The developer’s engineer is raising the question that the hard surfaced area adjacent to the ramps is not a pedestrian circulation path (R303.2.1.4 Flares), and as it is demarcated by a change in texture and pattern, the side flares of the ramp are not required to have a maximum slope of 10%.  They are also presenting this as a retrofit condition, and due to the fact that the street gutter flow line and integral curb with block-out were existing, that it would be structurally infeasible to replace the entire corner of curb to become compliant.


----------



## mark handler (Apr 20, 2011)

Do you havea real picture rather than a drawing that could be compliant?


----------



## Papio Bldg Dept (Apr 20, 2011)

This would be an example.  notice the brick textured concrete between the two ramps.  In this case, the flares exceed 10%.


----------



## mark handler (Apr 20, 2011)

ADAAG406.3 Sides of Curb Ramps. *Where provided, *curb ramp flares shall not be steeper than 1:10.

Don't provide flares


----------



## mark handler (Apr 20, 2011)




----------



## Papio Bldg Dept (Apr 20, 2011)

Would a raised curb, infilled with brick textured concrete, accomplish similiar compliance with the Dan Burden photo you posted?

example:


----------



## mark handler (Apr 20, 2011)

You need to have something, landscaping, or other barrier to keep people from the "curb" hazzard.

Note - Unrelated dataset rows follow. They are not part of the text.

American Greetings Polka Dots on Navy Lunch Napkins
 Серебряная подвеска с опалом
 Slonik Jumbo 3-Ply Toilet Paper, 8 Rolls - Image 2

IMPO no brick textured concrete does not comply, see the second picture.

Maybe you should talk with your ADA coordinator, there are liability issues when designing curb ramps.


----------



## Papio Bldg Dept (Apr 20, 2011)

That is my opinion as well.  I have contacted my regional ADA center, and have not received a response back.  I have also contacted the access boards assistance help line in the past on such matters, and will be doing so again.  Defining the threshold for a curb hazard is proving more difficult than I like.  Thanks for your input.


----------



## pwood (Apr 20, 2011)

mark handler said:
			
		

> ADAAG406.3 Sides of Curb Ramps. *Where provided, *curb ramp flares shall not be steeper than 1:10.Don't provide flares


truncated domes?


----------



## mark handler (Apr 20, 2011)

Truncated domes, Not an issue in this discussion.


----------



## pwood (Apr 20, 2011)

mark handler said:
			
		

> Truncated domes, Not an issue in this discussion.


good comeback!


----------